* Task item: Your answer should be one number: how many lines below hold the word "background".
*** Data records
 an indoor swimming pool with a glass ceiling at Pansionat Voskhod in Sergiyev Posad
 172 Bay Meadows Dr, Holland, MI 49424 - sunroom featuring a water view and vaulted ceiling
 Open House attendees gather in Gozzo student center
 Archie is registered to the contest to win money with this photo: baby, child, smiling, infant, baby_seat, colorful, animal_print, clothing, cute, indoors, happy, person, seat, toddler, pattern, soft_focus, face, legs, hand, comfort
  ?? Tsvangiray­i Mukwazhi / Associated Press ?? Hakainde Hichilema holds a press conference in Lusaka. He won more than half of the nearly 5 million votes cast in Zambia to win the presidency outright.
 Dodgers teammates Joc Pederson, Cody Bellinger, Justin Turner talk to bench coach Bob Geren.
******
*** Data records
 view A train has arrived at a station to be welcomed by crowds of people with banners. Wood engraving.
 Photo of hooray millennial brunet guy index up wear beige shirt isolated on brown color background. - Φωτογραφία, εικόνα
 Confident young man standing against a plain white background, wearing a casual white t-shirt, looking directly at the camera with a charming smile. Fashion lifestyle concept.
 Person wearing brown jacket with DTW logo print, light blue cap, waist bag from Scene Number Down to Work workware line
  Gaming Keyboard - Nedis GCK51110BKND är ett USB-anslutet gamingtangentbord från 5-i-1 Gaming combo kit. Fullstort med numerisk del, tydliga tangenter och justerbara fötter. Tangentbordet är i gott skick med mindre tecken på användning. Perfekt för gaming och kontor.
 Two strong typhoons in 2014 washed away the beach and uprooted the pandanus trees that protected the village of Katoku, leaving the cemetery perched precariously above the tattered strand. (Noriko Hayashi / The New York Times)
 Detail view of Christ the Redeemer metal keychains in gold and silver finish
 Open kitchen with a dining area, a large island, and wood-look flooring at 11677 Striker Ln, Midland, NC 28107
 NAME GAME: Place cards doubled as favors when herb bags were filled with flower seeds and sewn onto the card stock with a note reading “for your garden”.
******
* Exercise result: 2